(Gegenwind 269, Februar 2011)
Die Integration einer verschiedenartigen Gesellschaft, heutzutage Diversität genannt, hakt meistens an der Vermittlung. Dabei geht es einerseits um die Sprachmittlung, also das Dolmetschen, andererseits auch um die Kulturvermittlung, auch Mediation genannt.
In dem vorliegenden Buch wird der aktuelle Diskussionsstand zu diesem Themenkreis aufgezeigt, zusammengetragen auf einer Fachtagung. Diese hatte die interkulturelle Vermittlung in öffentlichen Diensten der Schweiz zum Thema, insbesondere die Bereiche Gesundheit, Soziales, Erziehung und Justiz.
Einerseits wird diskutiert, ob es ein „Recht auf Dolmetschen” gibt. Dies ist nur für den bereich der Justiz eindeutig geregelt.
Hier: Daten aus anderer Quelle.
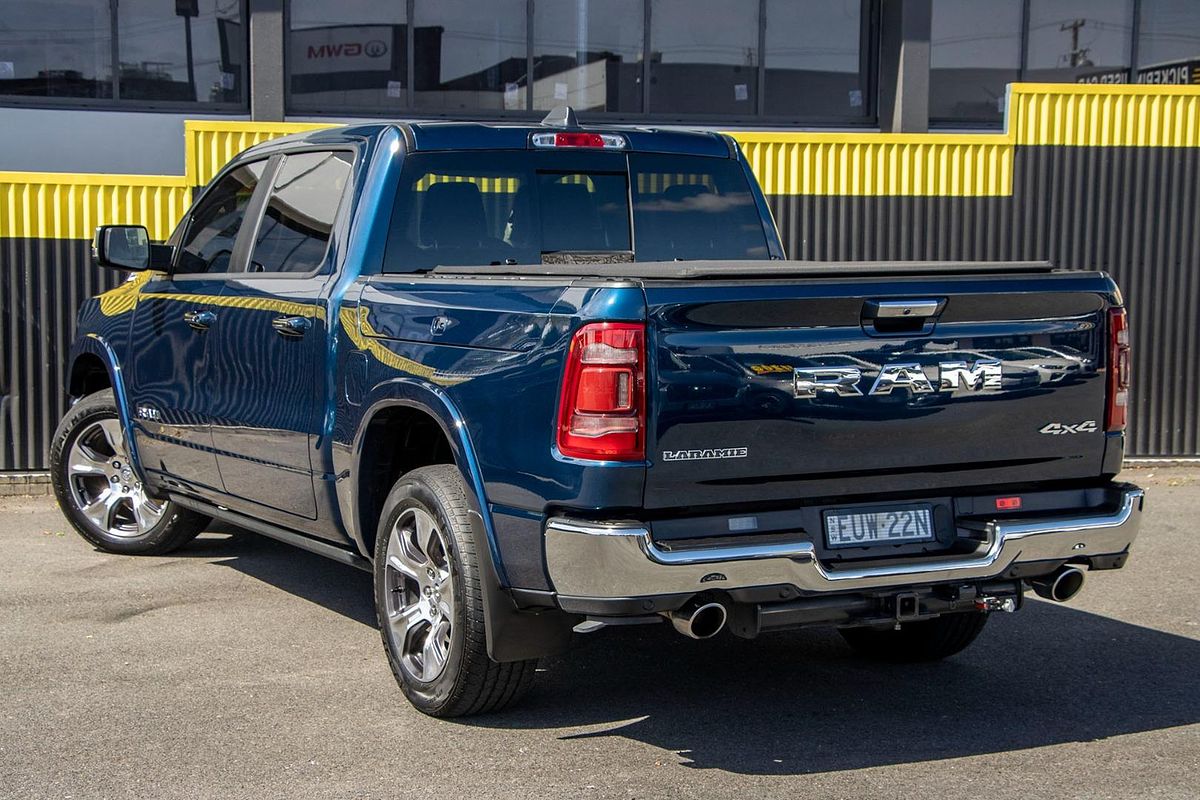2021 RAM 1500 Laramie RamBox DT 4X4 SWB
Andererseits gibt es in der Schweiz als viersprachigem Land ein „Recht auf Muttersprache”, das rein nach der Formulierung in der Verfassung auch für Sprachen von Einwanderern gelten müsste. Die konkrete Bedeutung dieses Rechtes für Krankenhäuser, Erziehungsberatungsstellen oder Sozialämter ist aber nirgends ausformuliert.
Andererseits müssen DolmetscherInnen oft mehr leisten als die reine Sprachmittlung. Teils tun sie es einfach, weil sie sich als Familienangehörige oder Landsleute auch zu „Anwälten” der Hilfesuchenden Einwanderer machen, teils erwarten die Institutionen von den „mitgebrachten” Sprachmittlern ausführliche Erklärungen. Dies halten die Autoren für riskant, sie empfehlen zwar überwiegend die Kombination von Dolmetschen und Mediation, allerdings nur nach gründlicher Ausbildung der DolmetscherInnen. Sonst besteht die Gefahr, dass niemand mehr überblickt, wer das Gespräch steuert, wer die Inhalte filtert und interpretiert.
Ein Autor des Sammelbandes stellt das System in Belgien vor. Ein Netz von DolmetscherInnen in 17 Sprechen, vor allem Arabisch und Türkisch, mit 51 Vollzeitstellen sorgt für eine weitgehend reibungslose Verständigung im Gesundheitswesen. Der Staat finanziert diese Vermittlung mit rund 2 Millionen Euro jährlich - und spart vermutlich ein Vielfaches dieses Betrages ein, weil nicht nur Reibungsverluste und Verzögerungen durch fehlende Verständigung vermieden werden, sondern auch Familienmitglieder als vermeintlich „natürliche” Dolmetscher ausscheiden. Er berichtet, dass PatientInnen viel leichter Persönliches preisgeben können, wenn es von fremden Profis gedolmetscht wird, als wenn Familienmitglieder im Raum sind oder nur eine Fremdsprache zur Verfügung steht.
Vorgestellt wird auch die Schweizerische Organisation INTERPRET, in der Sprachmittlerinnen und Sprachmittler zusammen geschlossen sind. Sie wahrt die Interessen der DolmetscherInnen, gewährleistet aber auch das Niveau und die Qualität von Sprachmittlung.
Der Sammelband umfasst eine Reihe von Theoriebeiträgen und eine Reihe von Berichten aus der empirischen Forschung. Eingestreut sind fünf „Stimmen aus der Praxis”, aus denen vor allem hervorgeht, was das System der „interkulturellen DolmetscherInnen” in der Schweiz von dem üblichen Bild der „studierten DolmetscherInnen” anderer Länder unterscheidet.
Auch wenn es um die Schweiz geht - die durch Einwanderung und Integration entstehenden Probleme und Fragestellungen sind in allen Ländern ähnlich. Die Lösungsansätze unterscheiden sich, und sicherlich ist es auch ein Unterschied, wie ein Land mit vier offiziellen Sprachen mit Sprachproblemen umgeht im Vergleich zu einsprachigen Ländern. Dennoch sollte man immer wieder einen Blick über die Grenzen riskieren, um sich Beispiele aus der Praxis und Vorschläge für Problemlösungen zu holen.
Reinhard Pohl
Janine Dahinden und Alexander Bischoff (Hg.): Dolmetschen, Vermitteln, Schlichten - Integration der Diversität? Seismo Verlag, Zürich 2010, 252 Seiten, 29 Euro.